Veterans like Faith, Nicholas Hawkins, and Allaire are far exceeding anything they did last year.
Brockville’s rookies are continually looking better every game. There isn’t many nights when guys like Evan Kula or Emerick Nadeau don’t do at least few things that impress the crowd.
When you mix the Braves skill with this, sort of, blue-collar mentality that they have to work for everything that comes their way, while having fun doing it all, then it all shakes out to being the top team in the country.
It’s all a culture implemented last year under then first-year coach Winchester that is now beginning to get engrained in the fabric of the team and pay dividends.
“I think it’s the way our guys show up at practice everyday and the chemistry we have,” said Allaire about the team’s success. “When we have fun it’s easy to work hard and when we work hard we win and we have more fun.”
There will be plenty of people that contend the rankings mean nothing. That’s partially true. Brockville isn’t given a spot at the RBC Cup because they’re currently ranked No. 1 in the country and the rankings have no impact whatsoever at the CCHL level.
With the rankings, though, comes a sense of security.
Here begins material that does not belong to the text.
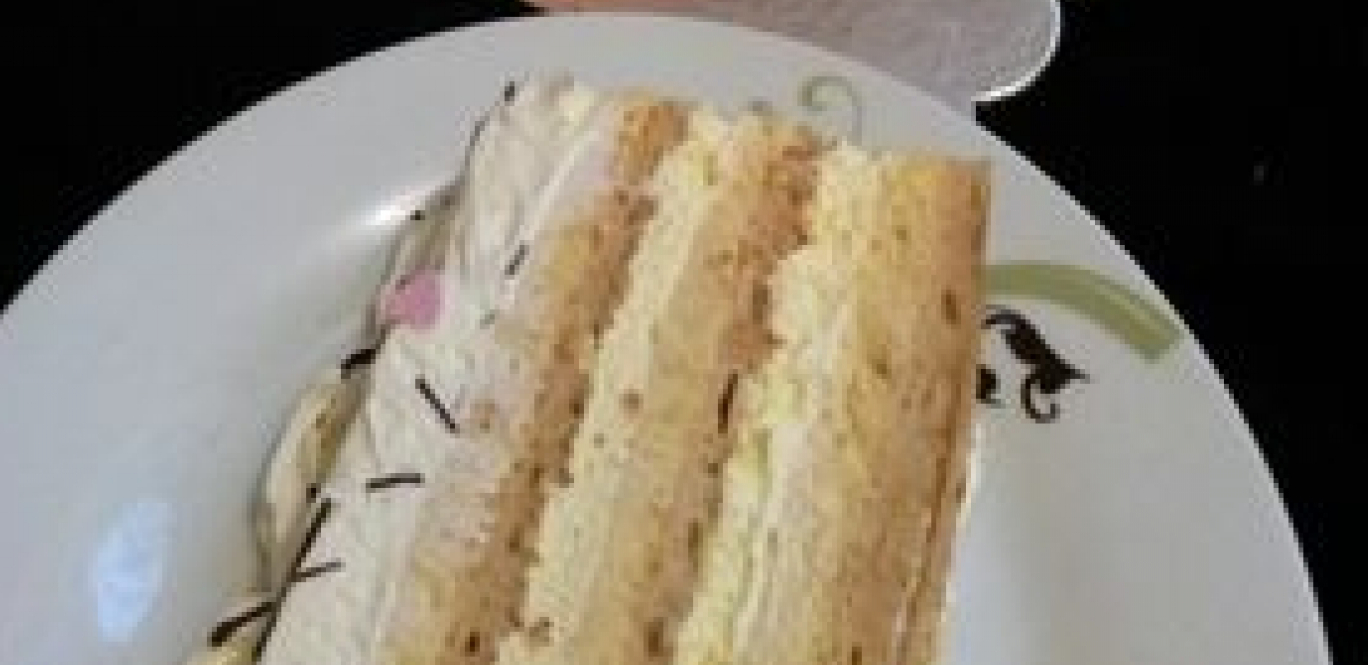 ZASLADITE SE SA STILOM Plazma torta sa belom čokoladom, ukus vrhunskog zadovoljstva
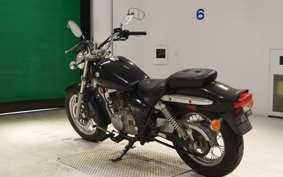 SUZUKI GZ250 Marauder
It lets the Braves players know that what they’re doing is not only working, but it’s getting them noticed on a much larger scale than just the league they play in.
“The rankings themselves don’t mean anything, but for our confidence and for us to be rewarded for our hard work, in terms of that, it feels good to see it pay off,” said Faith. “We use it as a guideline to keep going and the goal is to stay at the top.”
Brockville has risen the expectations for themselves. They raised the bar last year after taking the Ottawa Jr. Senators, the eventual CCHL champs, to Game 7 in the semifinal and they’ve done it again now that they’ve been given the top spot in the CJHL rankings.
There is still five months left in the regular season, another month if you add the post-season, and you can extend the time line even farther if you include the Fred Page Cup and RBC Cup.
The Braves still have a long time to show what else is in their bag of tricks.